By Porpentine on October 14th, 2012 at 2:00 pm.
Vintage spider carnage. Extra gust. Real time castaway simulator. That’s one way to get a leg up in life. Fruit powered women of battle. Video game museum.
Sitting here psychically begging the game makers of the world to make something that will run on this ancient borrowed laptop that I have to use until my plane takes me home and I’m back with my sleek desktop that doesn’t stand on the edge of rooftops weeping whenever I ask it to run something made after the stone age. Yes, they had computers back then. They weren’t very good.
Okay, how about this one.
Black Widow by Tardis Remakes
Black Widow! Remake of the Atari arcade game by the same name! What an exciting idea, being a spider, defending your pulsating neon web from invading insects and taking their money! Whoop!

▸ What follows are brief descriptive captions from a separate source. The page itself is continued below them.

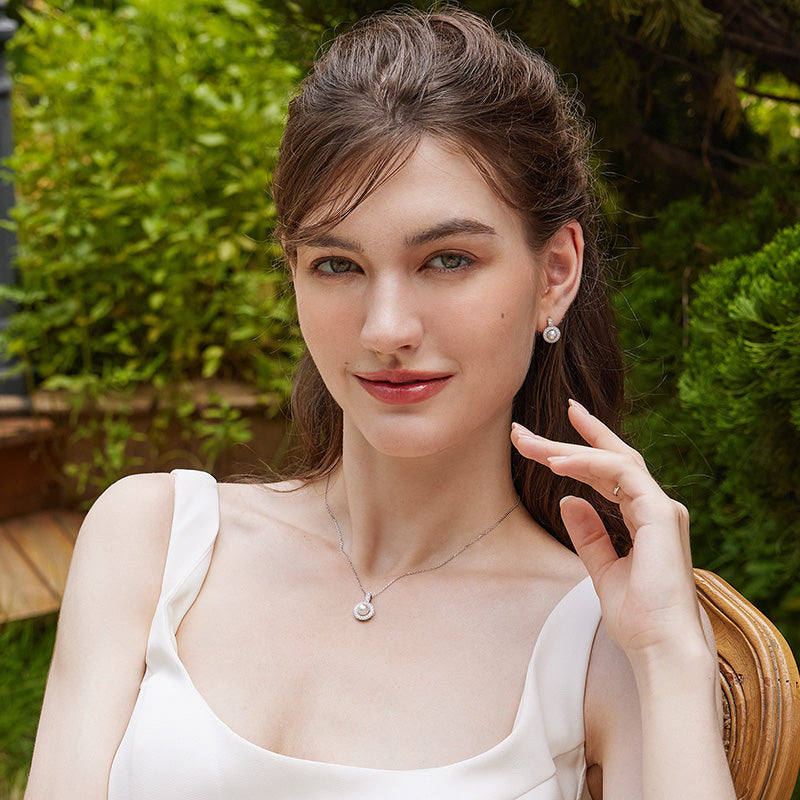 Akoya Pearl Necklace 18K White Gold Diamond Pendulum Pendant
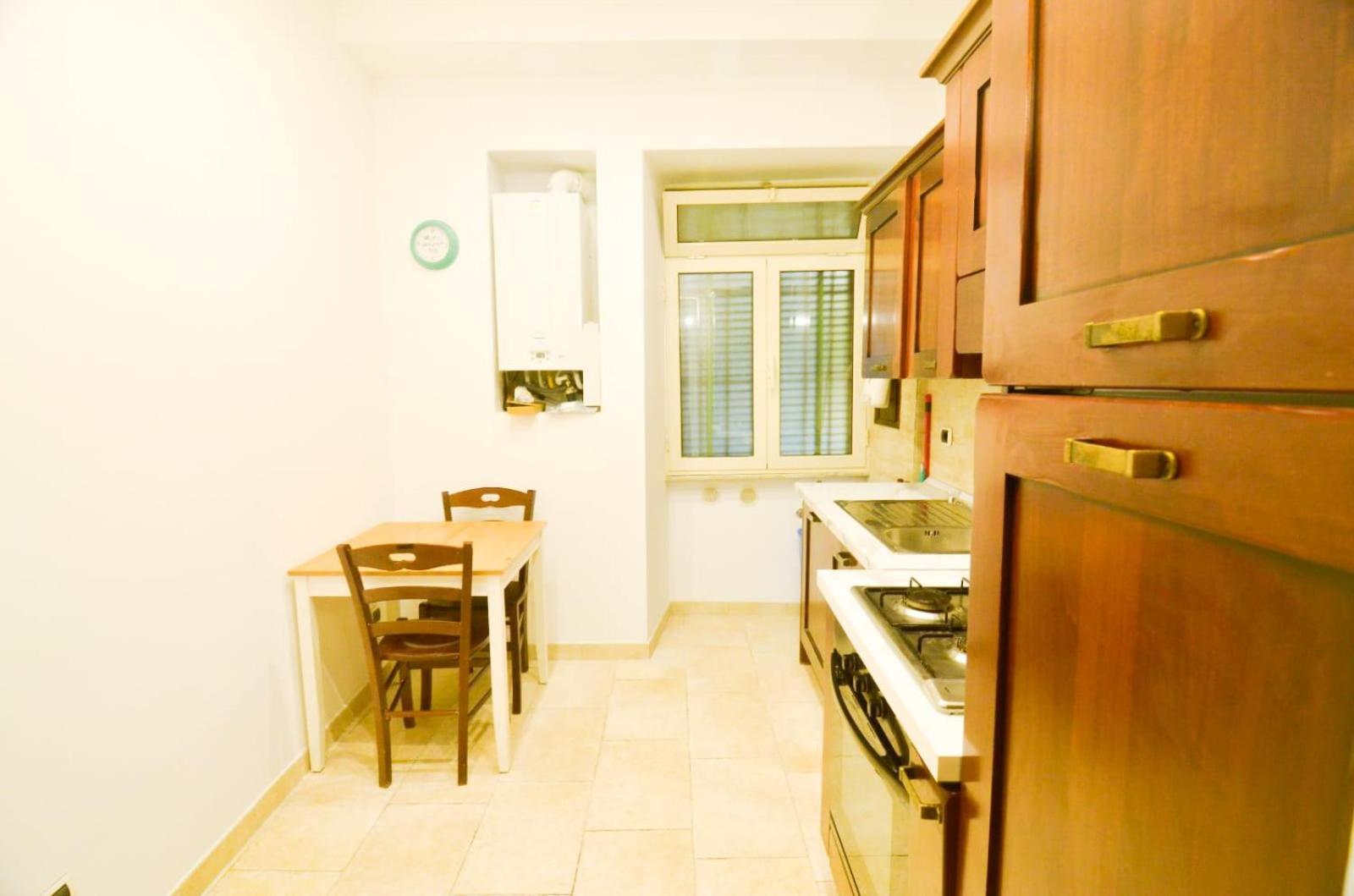 Roma Centro, Casa Vacanza 2 Bagni - Metro Ottaviano - Vaticano Appartement *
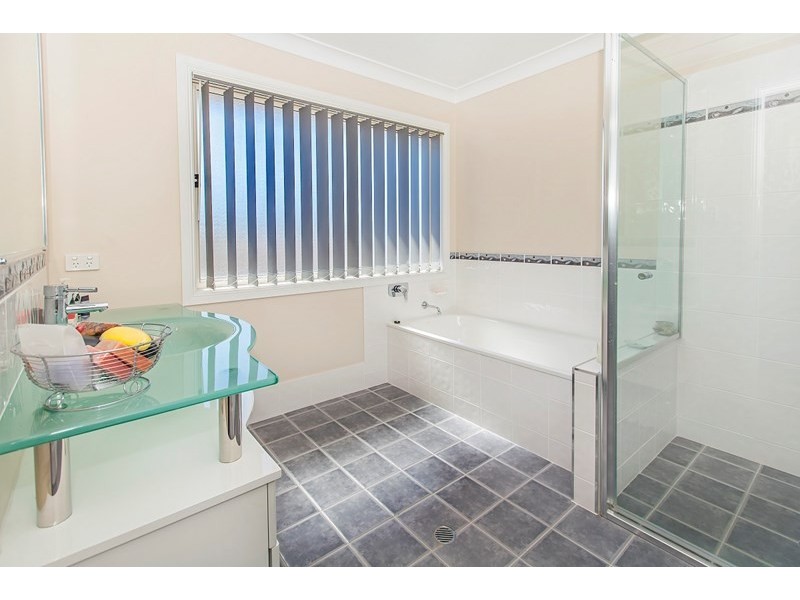 16 Greenview Court, Springfield QLD 4300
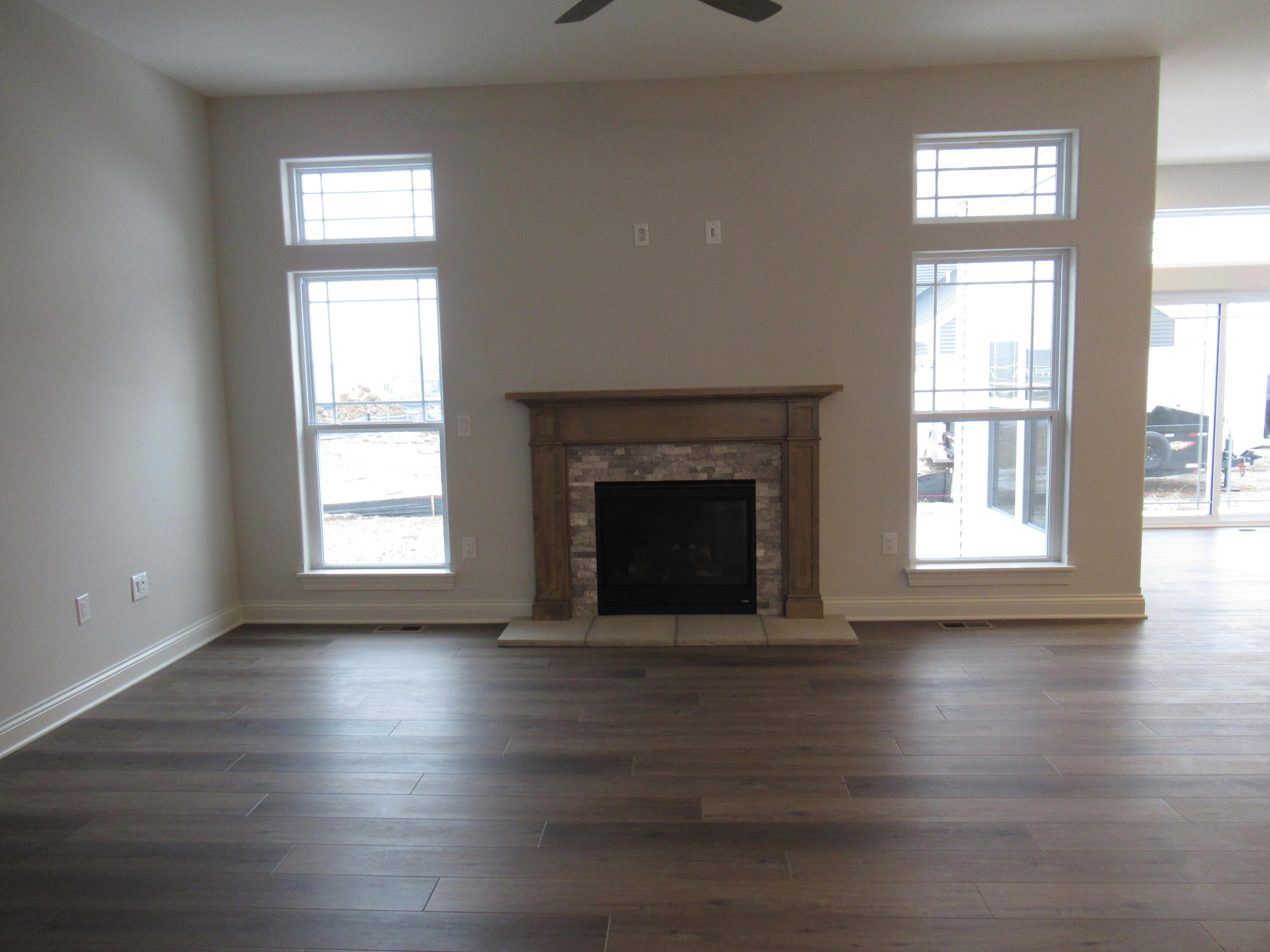 1538 Creekview Ct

As you progress, strands of your web turn red, turning them into one-way walls that make it easy to get stuck in the middle. Staying away from the increasingly claustrophobic center means you’re closer to spawning enemies, which in turn tempts a panicked retreat back inside the red strands, a deadly dilemma that must have swallowed up many quarters if the ancient tales of games powered by metal circles are true.
Survival isn’t as simple as killing everything, there’s a bit of thought involved–you have to push invulnerable eggs off the edge before they hatch into hornets, Spoilers can only be destroyed by nearby explosions, the Bug Slayer is harmless but competes with you for kills (so you risk not having enough points for extra lives), and Thunderbugs have the potential to set off nearby Thunderbugs to the point where the blast radius sweeps most of the web.
Second Wind by squidly
Highly linear RPG that condenses the dungeon crawler format into a series of interesting decisions. You have twenty classes, many unlocked through various means, like reaching a certain area or playing a flute guarded by newts, and then a bunch of random encounters like monsters, shrines, shops, and…J.C. Denton?

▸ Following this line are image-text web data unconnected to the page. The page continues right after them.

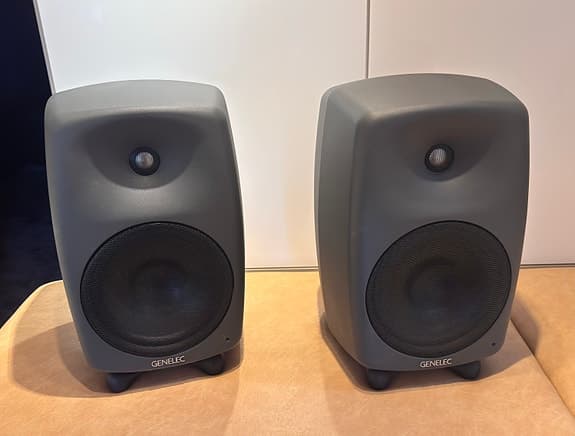 Genelec 8050A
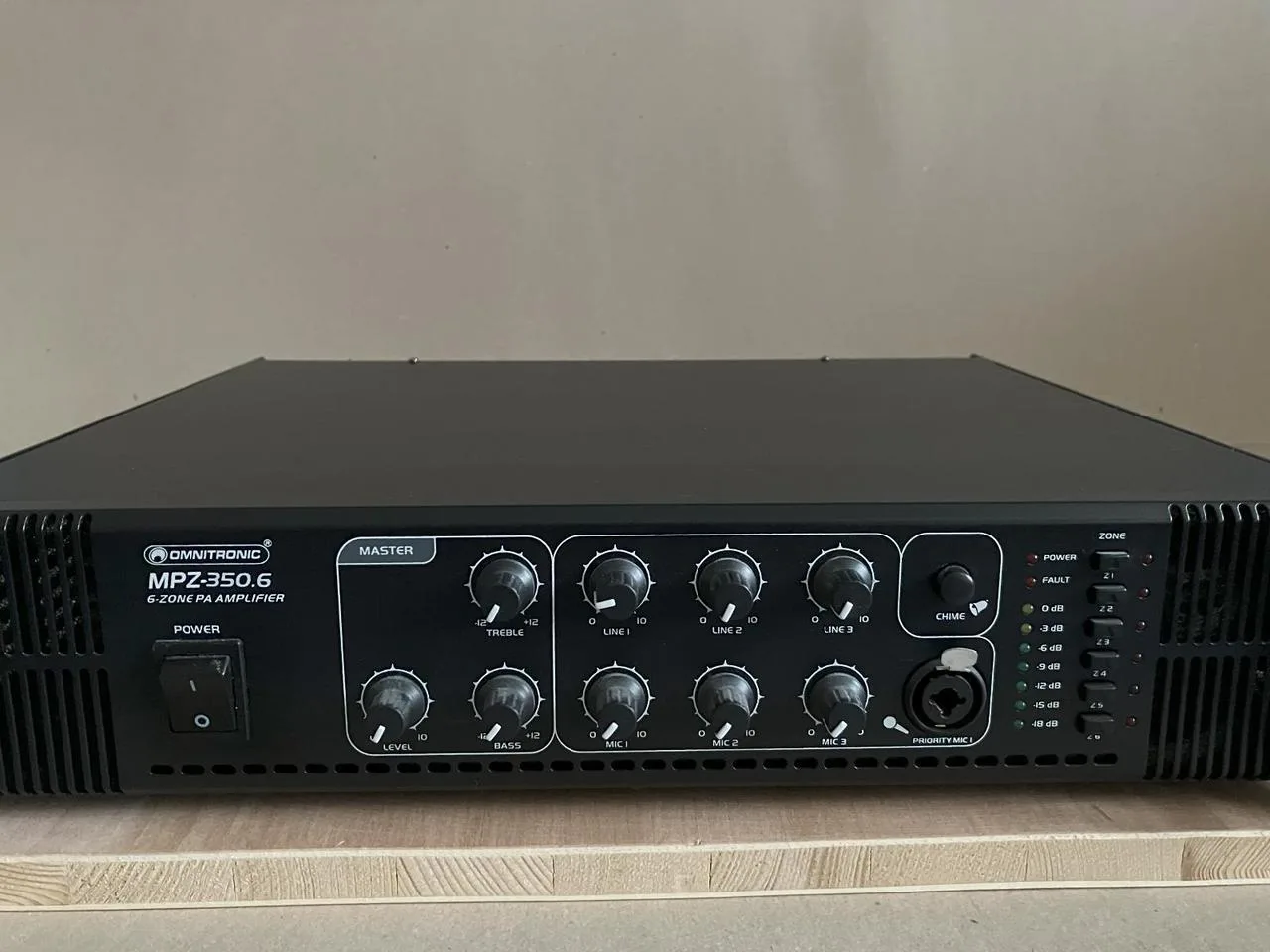 Omnitronic MPZ-350.6 6-zónový zesilovač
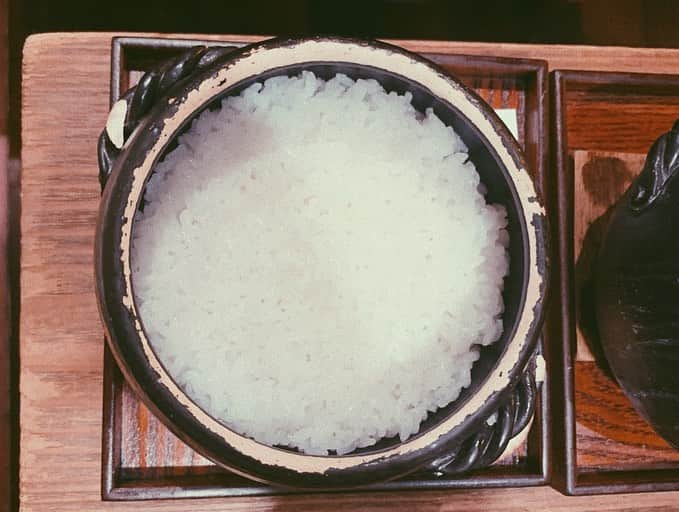 吉田菫さんのインスタグラム写真 - (吉田菫Instagram)「. BAND-MAIDのSAIKIちゃんとご飯〜🖤同じ事務所だけど初めてご飯いけたぁぁぁ超好きなタイプ、、、。 アメリカ帰りで和食食べれてよかったね♡お土産もありがとう🥰 .」10月4日 14時31分 - sumiredooon1228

Second Wind isn’t completely arbitrary. I have no idea whether hugging the Dungeon Wanderer will make him happy or angry this time around, what kind of skill check is hugging, but the treasure chests that quiz you on dungeon trivia reward you for paying attention to flavor, and each class, while simple, has its own strategy to consider and seem pretty diverse. If you die, you have an extra life, the titular second wind. Beyond that, you’d better stock up on potions.
The descriptions are playful, with creatures like the Avant-Garde Clay or the Harmless Lichen (“It’s immobile, yet you cannot escape it.”) where the combat text wonders why you’re killing such an innocent creature and oh its attacks are nothing really. This isn’t a particularly deep game, but it’s a fun kind of shallow, which is exactly what it’s trying to be.
Adrift by Tyen
Adrift in a boat on the open sea in real time. Play this in the middle of the night and you’re sailing under a starry sky, get up at dawn and catch the sunrise. There isn’t much beyond sky, weather, and possibly sinking, but it’s a nice place to relax.
Insane Balancing on One Leg in Extreme Places! by Nik Sudan
Just in case Insane Balancing on One Leg in Extreme Places! was too ambiguous a title, this is about balancing on one leg on top of skyscrapers and rocket ships while birds and space junk hurtle at you and the world rocks on its axis. Against this you have the ability to lean right, left, and jump, with little margin for error.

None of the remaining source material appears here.